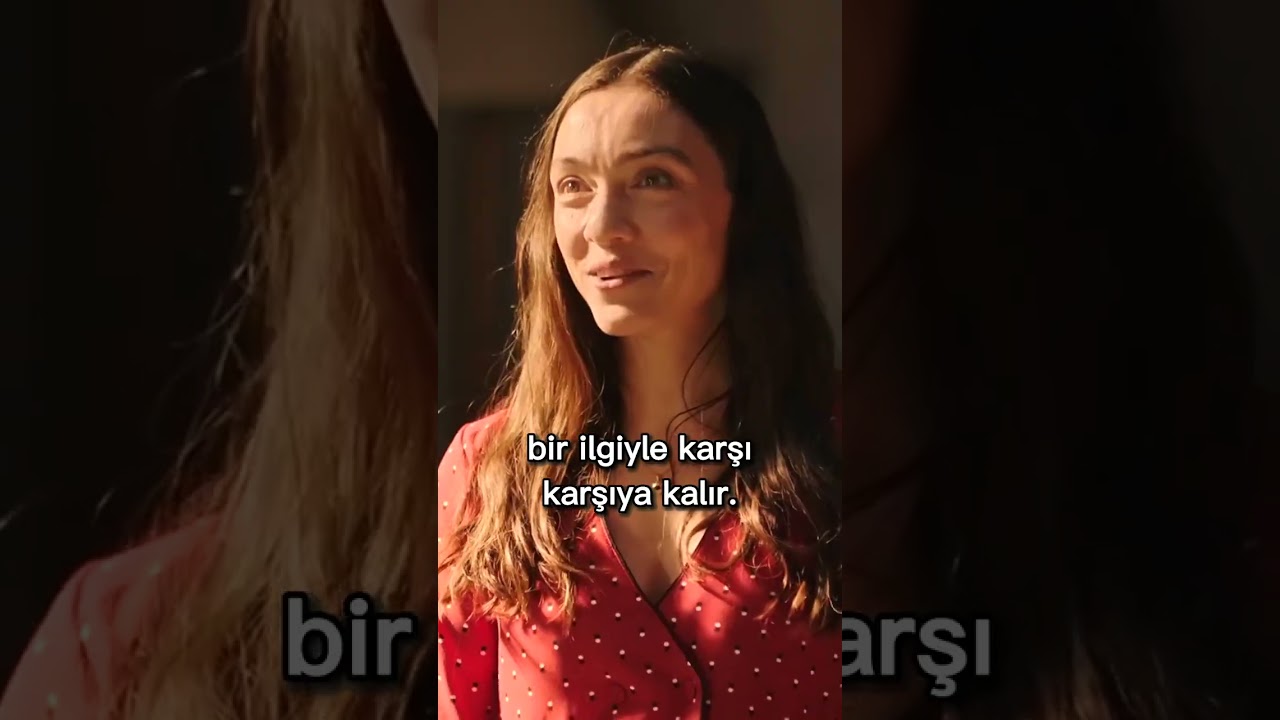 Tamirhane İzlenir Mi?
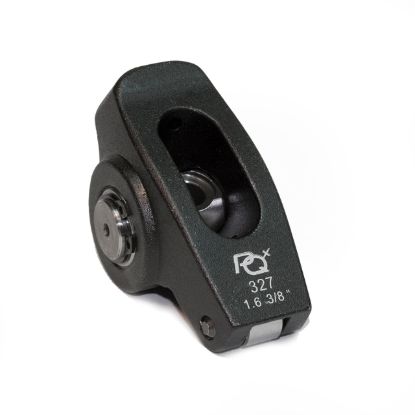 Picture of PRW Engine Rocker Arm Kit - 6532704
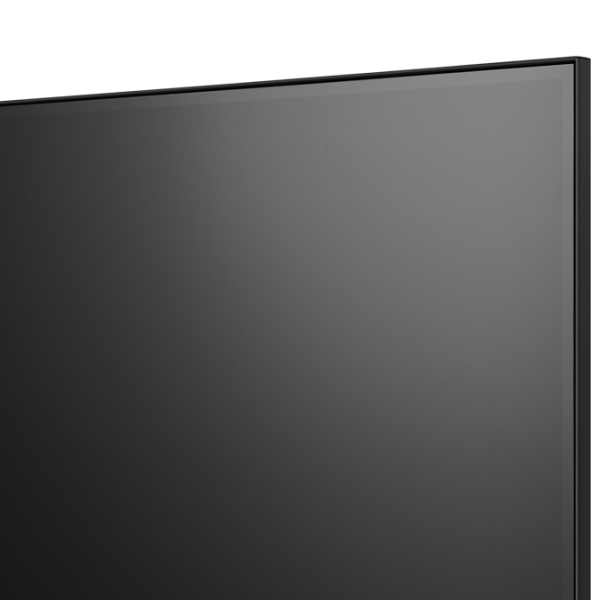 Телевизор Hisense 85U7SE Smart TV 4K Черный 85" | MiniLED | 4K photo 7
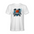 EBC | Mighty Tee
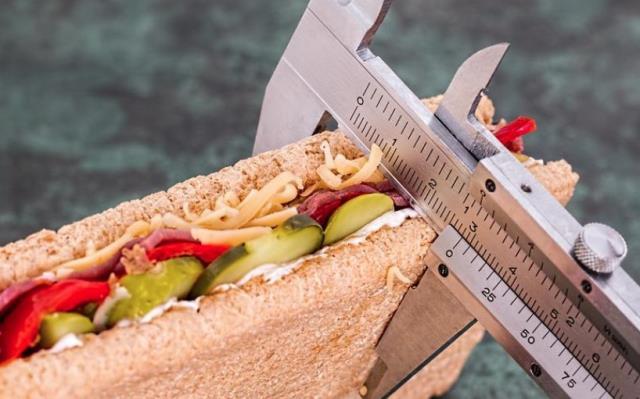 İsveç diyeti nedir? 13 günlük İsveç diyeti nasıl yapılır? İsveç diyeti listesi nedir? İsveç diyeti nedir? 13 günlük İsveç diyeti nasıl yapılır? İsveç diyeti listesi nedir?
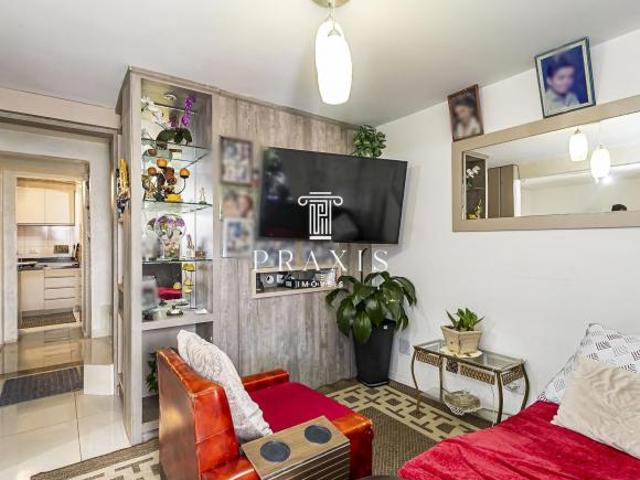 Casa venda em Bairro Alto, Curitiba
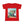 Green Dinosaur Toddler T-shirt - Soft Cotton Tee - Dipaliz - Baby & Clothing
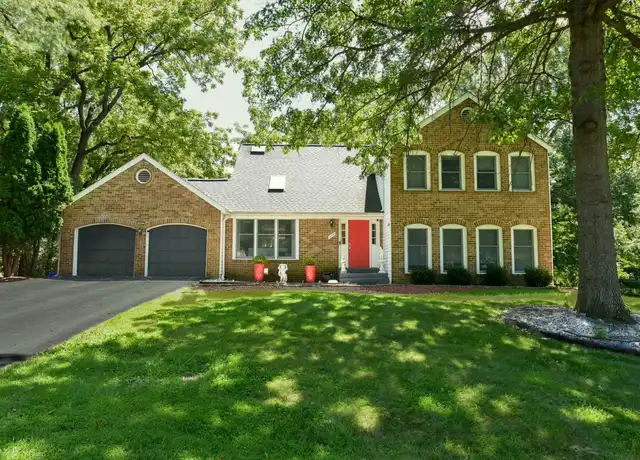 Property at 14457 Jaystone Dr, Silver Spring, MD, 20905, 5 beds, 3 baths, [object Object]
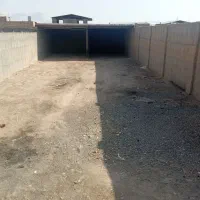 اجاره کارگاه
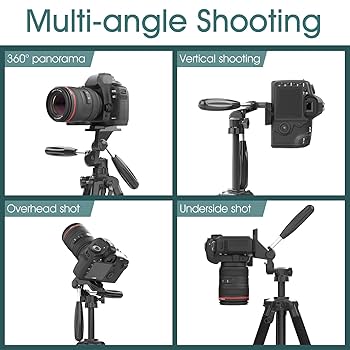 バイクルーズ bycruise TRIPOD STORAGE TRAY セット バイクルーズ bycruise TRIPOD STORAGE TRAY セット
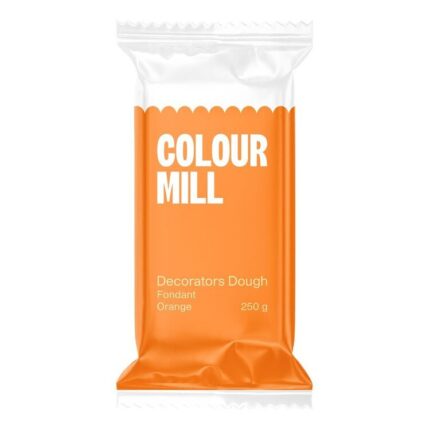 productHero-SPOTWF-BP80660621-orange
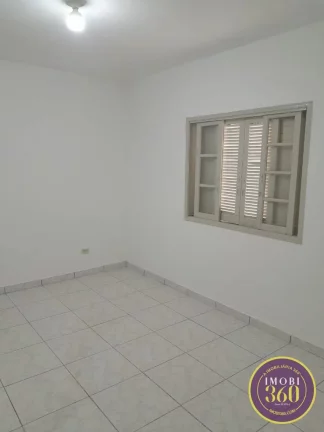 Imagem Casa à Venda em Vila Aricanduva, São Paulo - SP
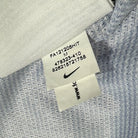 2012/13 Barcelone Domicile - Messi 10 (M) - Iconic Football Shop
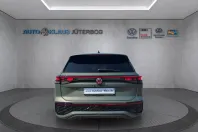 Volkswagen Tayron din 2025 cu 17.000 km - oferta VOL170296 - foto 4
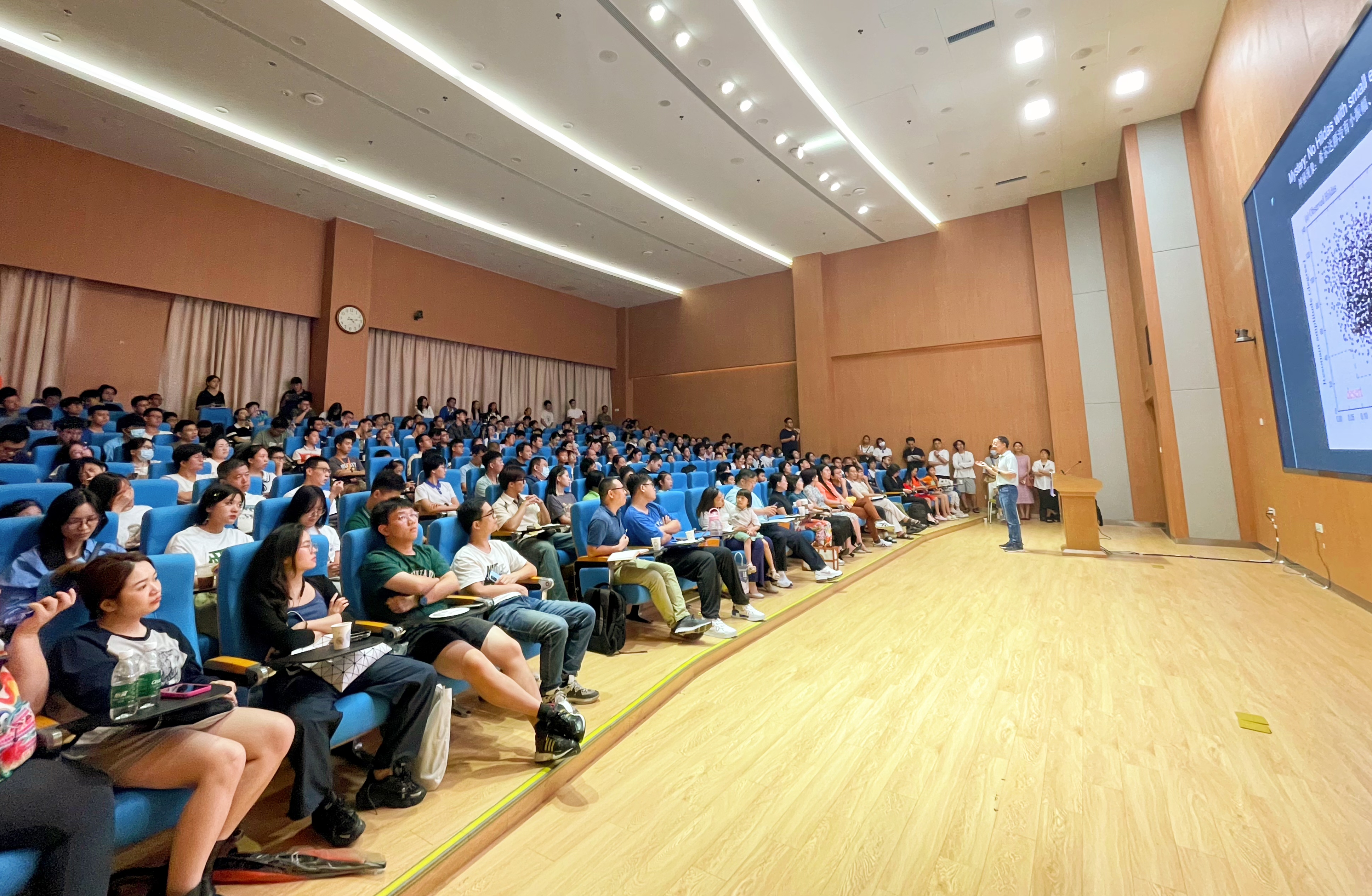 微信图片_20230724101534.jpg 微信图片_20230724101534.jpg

WHAT THE TASK REQUIRES — In the records above, find the line with "اجاره کارگاه" and copy from it through the last line exactly, without the pictures.

THE ANSWER —
 اجاره کارگاه
 バイクルーズ bycruise TRIPOD STORAGE TRAY セット バイクルーズ bycruise TRIPOD STORAGE TRAY セット
 productHero-SPOTWF-BP80660621-orange
 Imagem Casa à Venda em Vila Aricanduva, São Paulo - SP
 2012/13 Barcelone Domicile - Messi 10 (M) - Iconic Football Shop
 Volkswagen Tayron din 2025 cu 17.000 km - oferta VOL170296 - foto 4
 微信图片_20230724101534.jpg 微信图片_20230724101534.jpg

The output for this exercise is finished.